Wimble’s face was a study.
“It was like this. He didn’t know there was company, and he was trying to get a word with Miss Claude; but, of course, she couldn’t get to him, because there was Mr Glider and the doctor there.”
“Well, you do surprise me, Mr Brime.”
“Yes: where would your shilling be now, eh?”
“Well, young folks will be young folks; but I was deceived.”
“Yes, you were. Poor chap. He little thought when he left me in low spirits, because he couldn’t get to see his lass, how soon his chances were going to mend. Bah! Miss Claude didn’t care that for the other one – a mean, sneaking sort of fellow. How the poor guv’nor could have taken to him as he did, I don’t know.”
“Well, you do surprise me,” said Wimble, re-tucking in the cloth which had been disarranged by Brime’s “don’t care that” and snap of the fingers.
“Yes, I thought I could; but keep it quiet.”
“By all means, Mr Brime. Your girl’s in sad trouble, I suppose?”
“Crying her eyes out, poor lass. Master was as hard as his own stone; but they had been very fond of each other.”
“Yes; and I s’pose he was a good-hearted, generous man underneath. Give away a great deal to the poor.”
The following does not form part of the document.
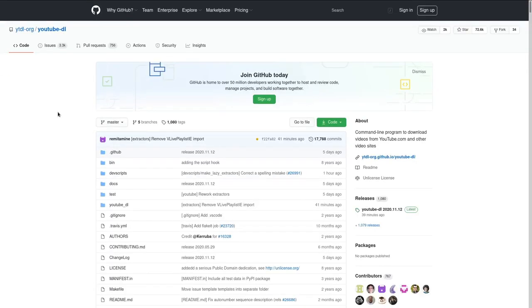But yeah, YouTube DL is back in business. Well, business as much as giving away free software that is open source can be a business. But I hope you enjoyed this video and I hope you enjoyed this news. I've been Denshi. Goodbye.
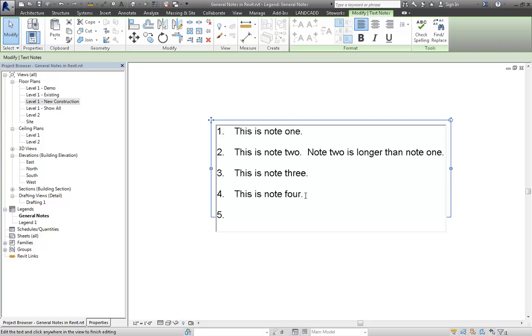There are many other ways — I'm just covering a couple of situations here. But that is one way to use General Notes. Pick your poison, essentially, based on what you want to work with. But again, it's an idea.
“Not he, Wimble. There was a deal given away, but it was Miss Claude did all that, bless her. Master – there; I’m not going to say a word again’ the dead.”
“No, no, of course not, sir; but what trouble you must be in!”
“Trouble, sir! When I heard of it this morning, you might have knocked me down with a feather.”
“Hah! very awful really, sir,” said Wimble, beginning to lather again, and this time in so thoughtful a manner that the gardener’s mouth disappeared in the soapy foam, and the desire for more information seemed to have gone.
“Was Chris Lisle up at the Fort last night? Was our suspicions unjust, then?”